Am Samstag, nach dem epochalen Sieg gegen Servette (2:1), posierten die FCA-Spieler in Genf. Das Foto ist so aussergewöhnlich wie die Fussball-Party, die am kommenden Samstag in Aarau steigen wird: Dann findet das erste entscheidende Heimspiel des Jahres statt. Wenn Aarau gegen Lausanne-Sport gewinnt, ist die Barrage in Griffweite. Das Fussball-Fieber steigt. Auch viele Fans, die nur gelegentlich ins Brügglifeld-Stadion gehen, wollen am Samstag dabei sein – umso mehr, als die Wetteraussichten ermutigend sind.

Die wichtigsten Fakten: Das Spiel beginnt um 20 Uhr. Tickets erwirbt man am besten im Vorverkauf (bei Ticketcorner, aarauInfo oder FCA-Geschäftsstelle). Es hat noch wenige Tribünenbillette. Ein Stehplatz kostet 21 Franken (Lehrlinge/Studenten 16, Kinder 6). Wegen des grossen Ansturms empfiehlt es sich, eine halbe Stunde vor Spielbeginn im Stadion zu sein.

Zusätzlich eine Turnershow

Wenn es um Fussball geht, geraten die Aarauer Fans leicht in eine Euphorie. Mitte Februar, als sich abzeichnete, dass dieser Frühling für den FCA sehr gut werden könnte, besuchten 3777 Personen das Spiel gegen Chiasso. Das war Saisonrekord – er dürfte am kommenden Samstag pulverisiert werden.

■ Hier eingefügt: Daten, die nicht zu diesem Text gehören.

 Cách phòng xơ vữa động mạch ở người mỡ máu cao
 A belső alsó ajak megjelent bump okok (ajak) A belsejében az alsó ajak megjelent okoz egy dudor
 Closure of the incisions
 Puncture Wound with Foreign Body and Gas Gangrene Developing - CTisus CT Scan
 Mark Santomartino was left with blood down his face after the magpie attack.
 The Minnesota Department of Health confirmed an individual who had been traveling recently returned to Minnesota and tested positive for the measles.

Theoretisch haben 8000 Zuschauer im Brügglifeld Platz!

Am Samstag gibt es nicht nur einen Fussball-Kracher, sondern auch eine zweiteilige Turnershow – als Vorspiel für das Eidgenössische im Juni. Vor dem Match (19.45 Uhr) und während der Pause werden vier Spitzenvereine des Turnverbandes auftreten: TV Lenzburg, Aerobic; TV Eien-Kleindöttingen, Boden; TV Sulz, Gymnastik; STV Marbach, Grossfeldgymnastik.

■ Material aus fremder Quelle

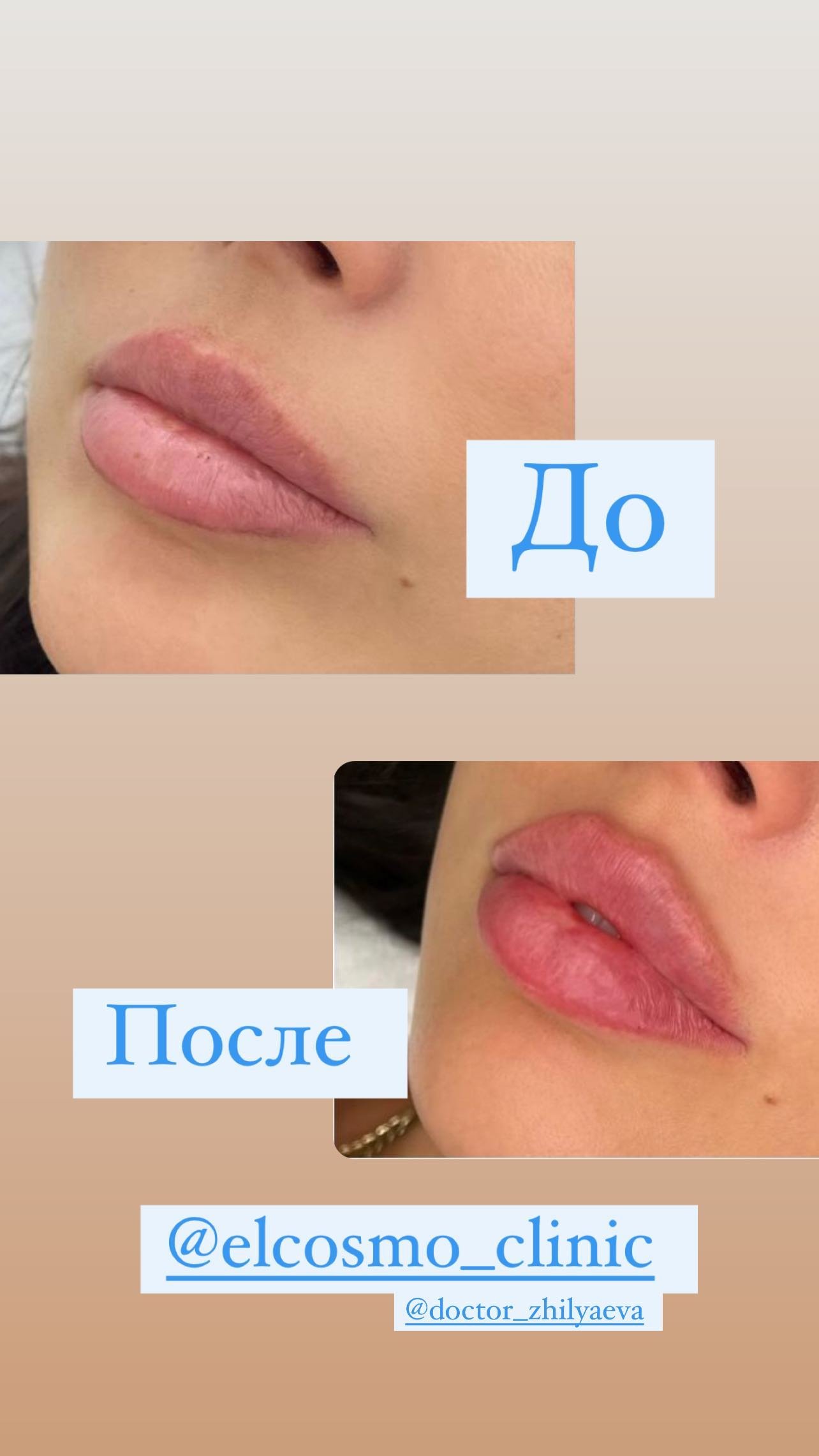 Оксана Самойлова показала результат переделанных губ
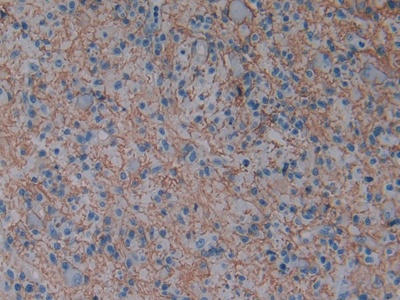 Polyclonal Antibody to Aquaporin 1 (AQP1)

Aufstieg ohne neues Stadion

Neben dem Stolz auf den Sieg in Genf und der Vorfreude auf das Lausanne-Spiel gibt es beim FC Aarau Genugtuung: Die Swiss Football League hat ihm einmal mehr in erster Instanz die beantragte Lizenz II für die Saison 2019/2020 erteilt. Für den FCA sind damit alle Optionen offen: Er kann sowohl in der Challenge League als auch in der Super League spielen. Ein Aufstieg wäre also – auch ohne neues Stadion im Torfeld – möglich. Dass Aarau so problemlos die neue Lizenz erhalten hat, ist laut Medienmitteilung drauf zurückzuführen, dass der Verein nachhaltig, im Rahmen seiner Möglichkeiten geschäftet.

1200 neue Klappstühle

Allerdings gabs die neue Lizenz nur mit drei Auflagen. Auflagen, die laut FCA-Medienmitteilung «zu erfüllen sind», also keine ernsthaften Probleme bieten. Am einfachsten ist das fehlende Diplom von Torhütertrainer Flamur Tahiraj. Er wird es bald erhalten.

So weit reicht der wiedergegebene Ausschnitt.